## WHAT YOU NEED TO DO
Retype every entry in its entirety, without alteration.

## EXERCISE INPUTS

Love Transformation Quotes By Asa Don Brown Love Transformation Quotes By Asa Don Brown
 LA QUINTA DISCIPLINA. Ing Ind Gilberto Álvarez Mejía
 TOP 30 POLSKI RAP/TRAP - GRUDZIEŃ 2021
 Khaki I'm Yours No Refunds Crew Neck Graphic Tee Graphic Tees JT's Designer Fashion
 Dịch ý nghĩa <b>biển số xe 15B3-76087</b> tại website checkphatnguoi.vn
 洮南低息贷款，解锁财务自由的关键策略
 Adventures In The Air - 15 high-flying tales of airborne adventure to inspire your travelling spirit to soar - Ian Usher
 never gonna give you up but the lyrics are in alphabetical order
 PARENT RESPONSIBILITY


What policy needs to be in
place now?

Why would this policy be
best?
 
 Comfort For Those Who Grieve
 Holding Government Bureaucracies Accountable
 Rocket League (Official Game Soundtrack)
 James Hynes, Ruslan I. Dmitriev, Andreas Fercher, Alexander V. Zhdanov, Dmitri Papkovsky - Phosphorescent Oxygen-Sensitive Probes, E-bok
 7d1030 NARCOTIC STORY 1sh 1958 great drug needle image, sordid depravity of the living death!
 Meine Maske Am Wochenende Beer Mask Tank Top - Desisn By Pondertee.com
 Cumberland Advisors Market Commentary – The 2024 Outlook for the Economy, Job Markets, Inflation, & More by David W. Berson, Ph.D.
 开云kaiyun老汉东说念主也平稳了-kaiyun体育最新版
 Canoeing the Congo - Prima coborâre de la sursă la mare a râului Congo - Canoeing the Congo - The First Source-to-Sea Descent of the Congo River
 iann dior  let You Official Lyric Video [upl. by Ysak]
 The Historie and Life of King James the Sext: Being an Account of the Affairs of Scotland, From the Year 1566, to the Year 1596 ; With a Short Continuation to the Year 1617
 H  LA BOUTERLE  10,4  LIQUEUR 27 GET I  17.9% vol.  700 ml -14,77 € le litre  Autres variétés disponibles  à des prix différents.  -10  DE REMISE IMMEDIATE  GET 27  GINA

## RESPONSE TO THE TASK
Love Transformation Quotes By Asa Don Brown Love Transformation Quotes By Asa Don Brown
 LA QUINTA DISCIPLINA. Ing Ind Gilberto Álvarez Mejía
 TOP 30 POLSKI RAP/TRAP - GRUDZIEŃ 2021
 Khaki I'm Yours No Refunds Crew Neck Graphic Tee Graphic Tees JT's Designer Fashion
 Dịch ý nghĩa <b>biển số xe 15B3-76087</b> tại website checkphatnguoi.vn
 洮南低息贷款，解锁财务自由的关键策略
 Adventures In The Air - 15 high-flying tales of airborne adventure to inspire your travelling spirit to soar - Ian Usher
 never gonna give you up but the lyrics are in alphabetical order
 PARENT RESPONSIBILITY


What policy needs to be in
place now?

Why would this policy be
best?
 
 Comfort For Those Who Grieve
 Holding Government Bureaucracies Accountable
 Rocket League (Official Game Soundtrack)
 James Hynes, Ruslan I. Dmitriev, Andreas Fercher, Alexander V. Zhdanov, Dmitri Papkovsky - Phosphorescent Oxygen-Sensitive Probes, E-bok
 7d1030 NARCOTIC STORY 1sh 1958 great drug needle image, sordid depravity of the living death!
 Meine Maske Am Wochenende Beer Mask Tank Top - Desisn By Pondertee.com
 Cumberland Advisors Market Commentary – The 2024 Outlook for the Economy, Job Markets, Inflation, & More by David W. Berson, Ph.D.
 开云kaiyun老汉东说念主也平稳了-kaiyun体育最新版
 Canoeing the Congo - Prima coborâre de la sursă la mare a râului Congo - Canoeing the Congo - The First Source-to-Sea Descent of the Congo River
 iann dior  let You Official Lyric Video [upl. by Ysak]
 The Historie and Life of King James the Sext: Being an Account of the Affairs of Scotland, From the Year 1566, to the Year 1596 ; With a Short Continuation to the Year 1617
 H  LA BOUTERLE  10,4  LIQUEUR 27 GET I  17.9% vol.  700 ml -14,77 € le litre  Autres variétés disponibles  à des prix différents.  -10  DE REMISE IMMEDIATE  GET 27  GINA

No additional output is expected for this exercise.